Copy the data that follows exactly, and include none of its images.

[Dataset excerpts]
########
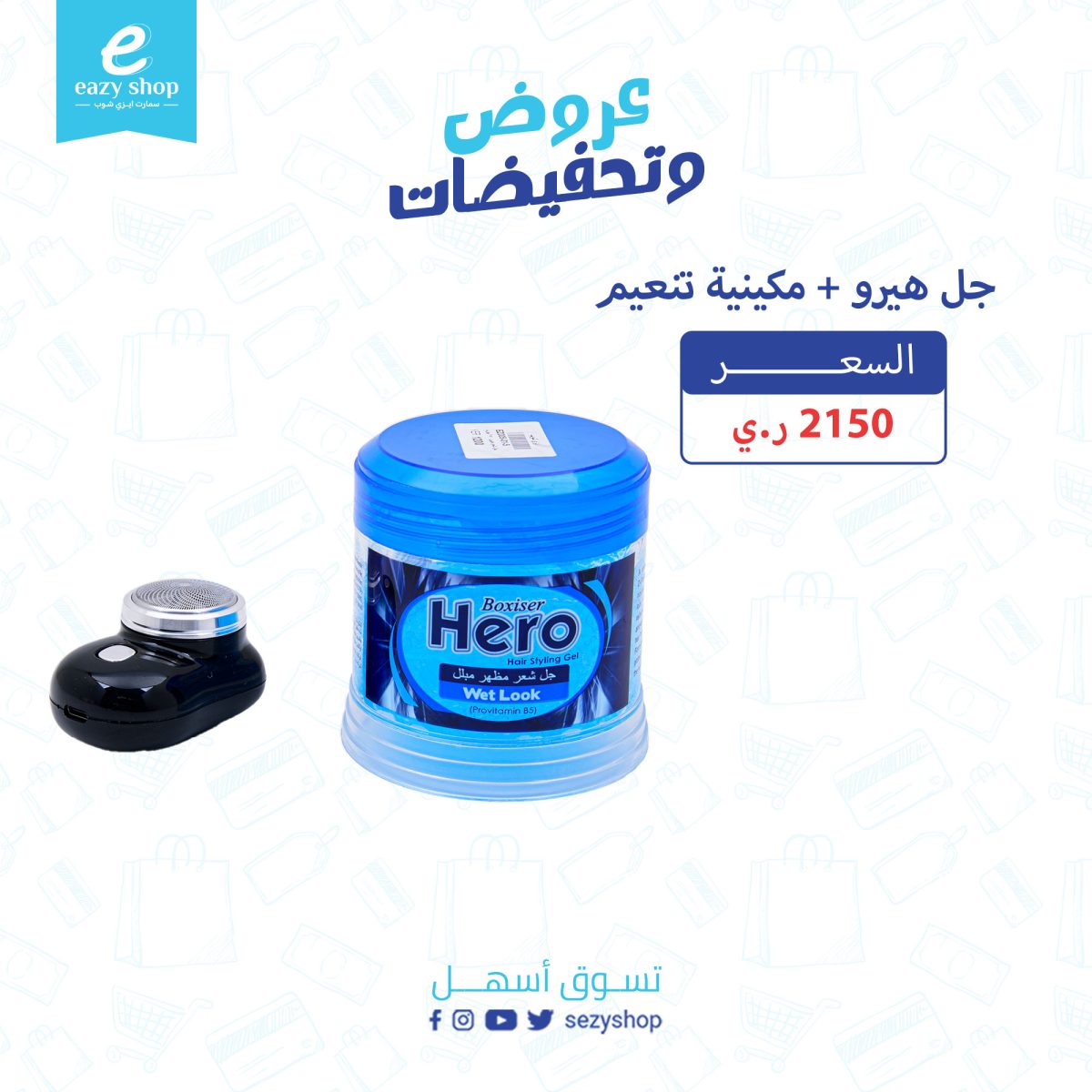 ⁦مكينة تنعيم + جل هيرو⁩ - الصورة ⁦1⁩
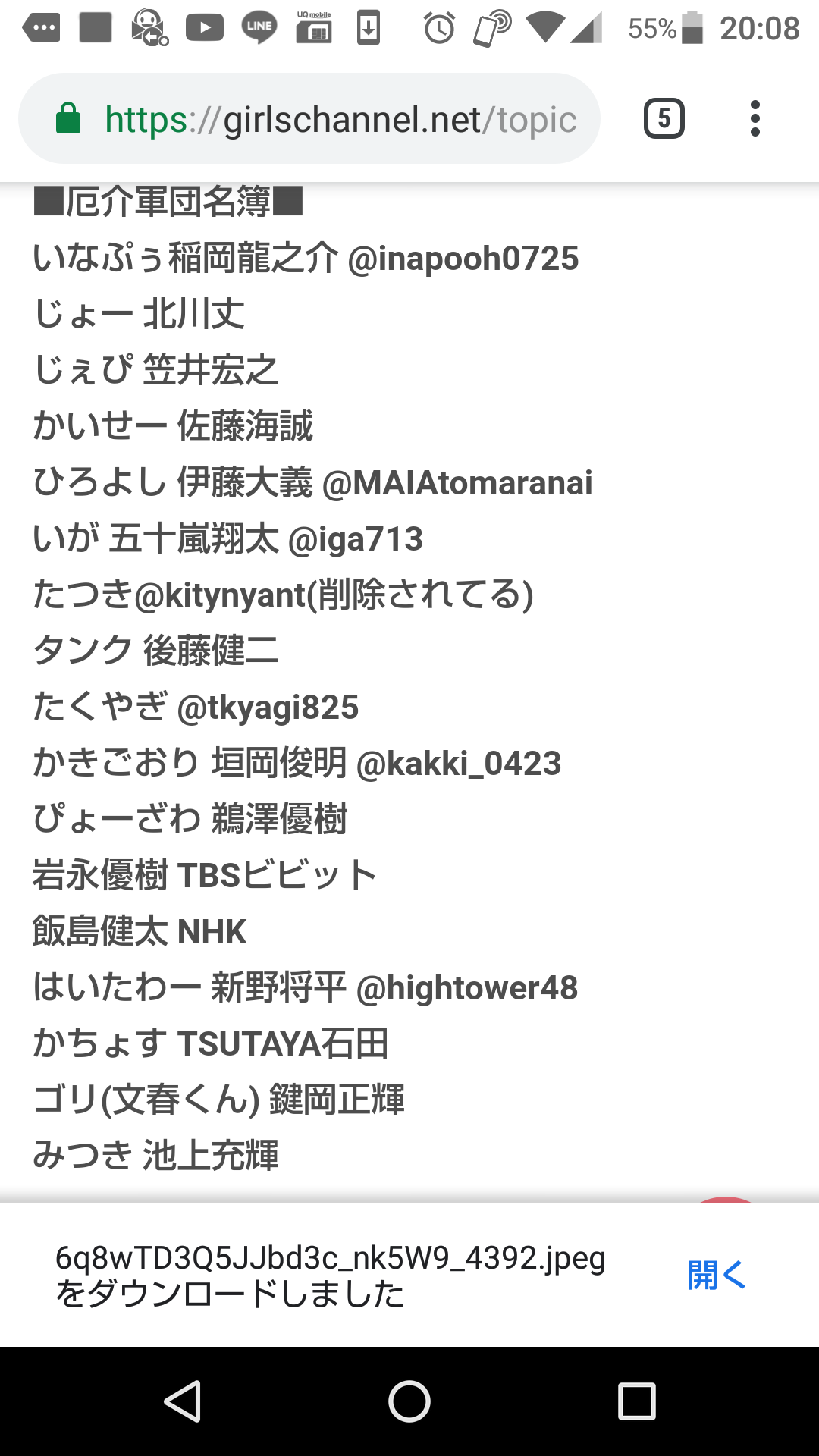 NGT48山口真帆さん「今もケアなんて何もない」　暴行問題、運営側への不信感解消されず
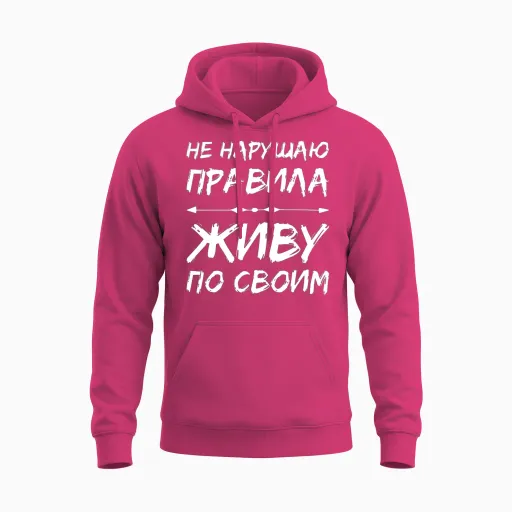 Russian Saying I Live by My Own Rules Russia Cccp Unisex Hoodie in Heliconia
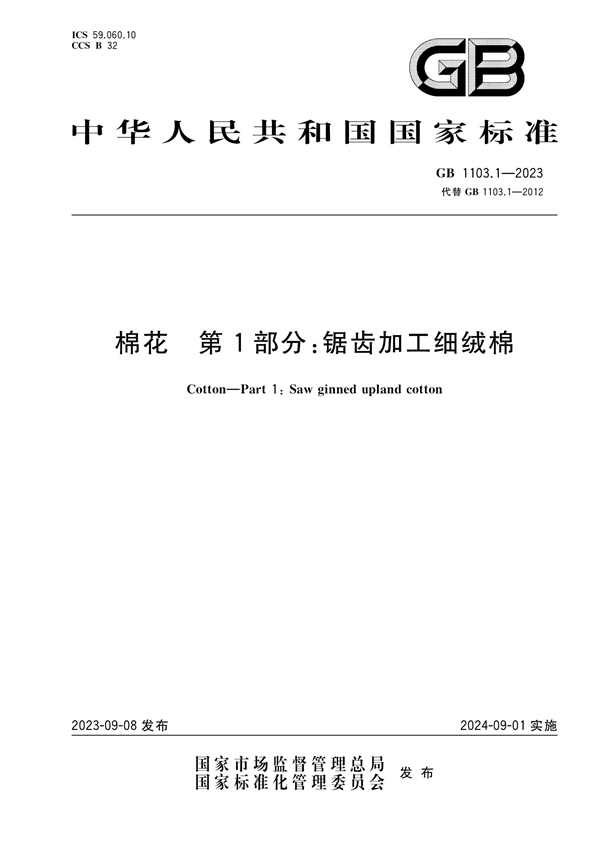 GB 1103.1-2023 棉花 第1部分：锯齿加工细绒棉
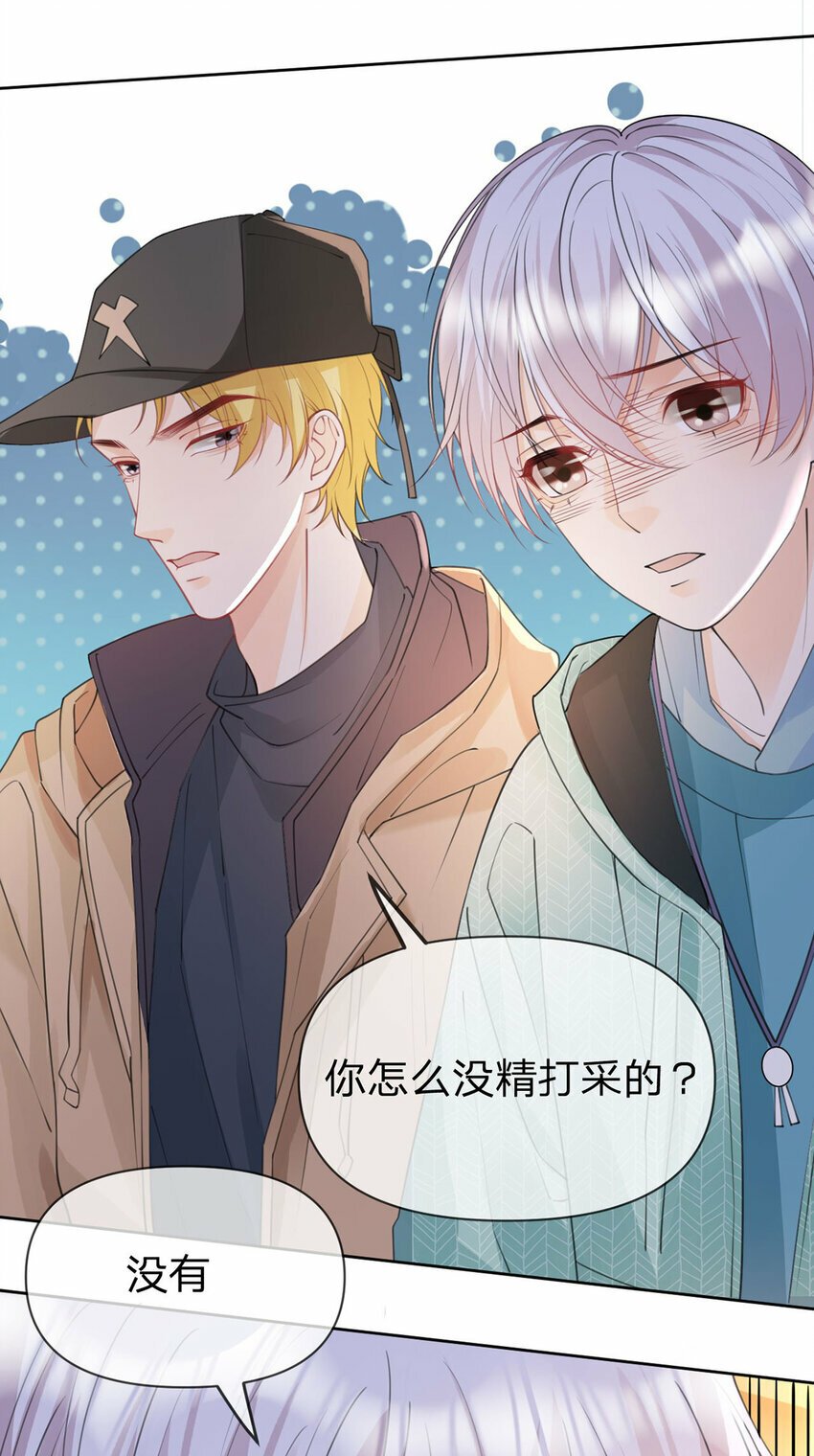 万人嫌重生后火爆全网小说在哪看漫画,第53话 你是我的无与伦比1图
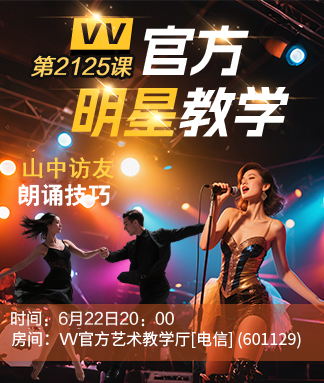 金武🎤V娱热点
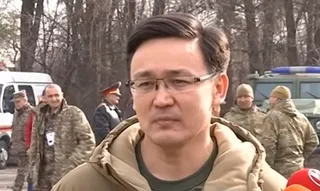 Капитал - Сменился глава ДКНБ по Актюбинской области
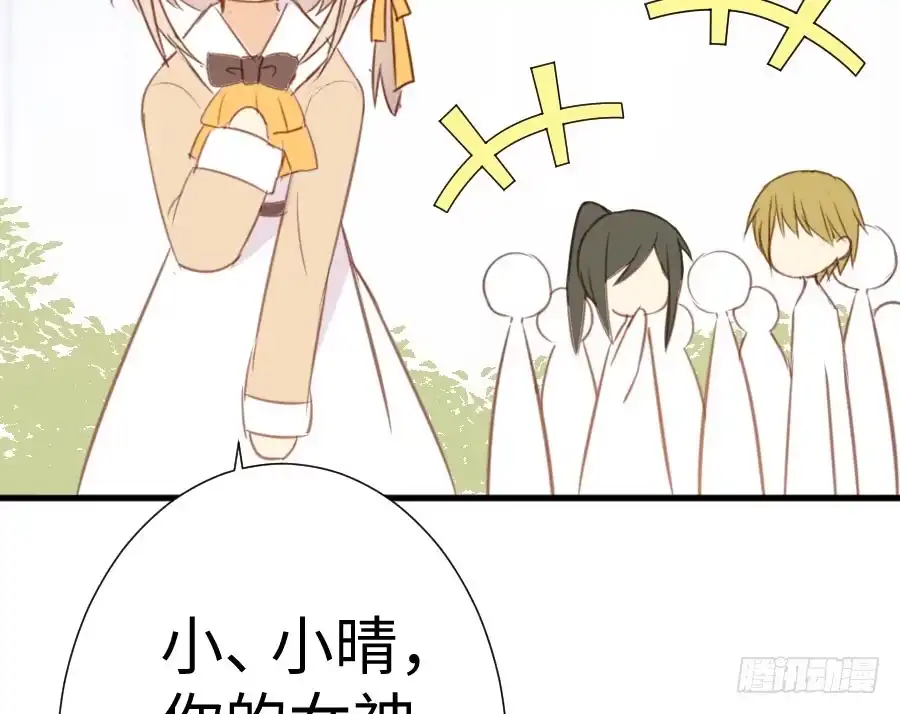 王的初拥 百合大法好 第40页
########
▶ [Worked solution]:
 ⁦مكينة تنعيم + جل هيرو⁩ - الصورة ⁦1⁩
 NGT48山口真帆さん「今もケアなんて何もない」　暴行問題、運営側への不信感解消されず
 Russian Saying I Live by My Own Rules Russia Cccp Unisex Hoodie in Heliconia
 GB 1103.1-2023 棉花 第1部分：锯齿加工细绒棉
 万人嫌重生后火爆全网小说在哪看漫画,第53话 你是我的无与伦比1图
 金武🎤V娱热点
 Капитал - Сменился глава ДКНБ по Актюбинской области
 王的初拥 百合大法好 第40页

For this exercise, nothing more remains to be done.